ENTRIES SUPPLIED:

================

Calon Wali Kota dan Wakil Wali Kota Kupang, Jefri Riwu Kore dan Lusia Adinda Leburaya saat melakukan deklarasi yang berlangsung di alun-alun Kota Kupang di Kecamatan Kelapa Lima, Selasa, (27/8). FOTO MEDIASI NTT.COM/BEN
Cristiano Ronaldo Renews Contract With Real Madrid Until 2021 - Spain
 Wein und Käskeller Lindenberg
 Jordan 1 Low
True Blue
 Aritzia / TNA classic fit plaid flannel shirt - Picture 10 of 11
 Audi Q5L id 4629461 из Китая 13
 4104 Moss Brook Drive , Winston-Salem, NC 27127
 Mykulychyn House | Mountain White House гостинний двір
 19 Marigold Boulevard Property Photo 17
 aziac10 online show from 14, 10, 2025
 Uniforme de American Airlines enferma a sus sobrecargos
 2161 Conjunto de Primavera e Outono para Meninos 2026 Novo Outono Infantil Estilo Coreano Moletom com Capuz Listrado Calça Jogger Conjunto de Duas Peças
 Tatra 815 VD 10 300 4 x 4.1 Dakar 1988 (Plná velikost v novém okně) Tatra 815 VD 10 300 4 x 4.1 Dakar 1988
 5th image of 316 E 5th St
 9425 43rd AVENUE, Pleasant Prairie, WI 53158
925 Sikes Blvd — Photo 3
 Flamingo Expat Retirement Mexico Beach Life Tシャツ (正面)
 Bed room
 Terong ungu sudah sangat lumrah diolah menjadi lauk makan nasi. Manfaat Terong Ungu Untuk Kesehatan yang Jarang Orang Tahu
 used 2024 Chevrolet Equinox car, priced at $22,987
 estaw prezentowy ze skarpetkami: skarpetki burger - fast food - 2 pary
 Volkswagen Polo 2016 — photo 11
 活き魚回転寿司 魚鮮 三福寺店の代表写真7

================

Print the listing above from its first line through the line with "2161 Conjunto de", and stop there.

RESULT OF THE EXERCISE:
Calon Wali Kota dan Wakil Wali Kota Kupang, Jefri Riwu Kore dan Lusia Adinda Leburaya saat melakukan deklarasi yang berlangsung di alun-alun Kota Kupang di Kecamatan Kelapa Lima, Selasa, (27/8). FOTO MEDIASI NTT.COM/BEN
Cristiano Ronaldo Renews Contract With Real Madrid Until 2021 - Spain
 Wein und Käskeller Lindenberg
 Jordan 1 Low
True Blue
 Aritzia / TNA classic fit plaid flannel shirt - Picture 10 of 11
 Audi Q5L id 4629461 из Китая 13
 4104 Moss Brook Drive , Winston-Salem, NC 27127
 Mykulychyn House | Mountain White House гостинний двір
 19 Marigold Boulevard Property Photo 17
 aziac10 online show from 14, 10, 2025
 Uniforme de American Airlines enferma a sus sobrecargos
 2161 Conjunto de Primavera e Outono para Meninos 2026 Novo Outono Infantil Estilo Coreano Moletom com Capuz Listrado Calça Jogger Conjunto de Duas Peças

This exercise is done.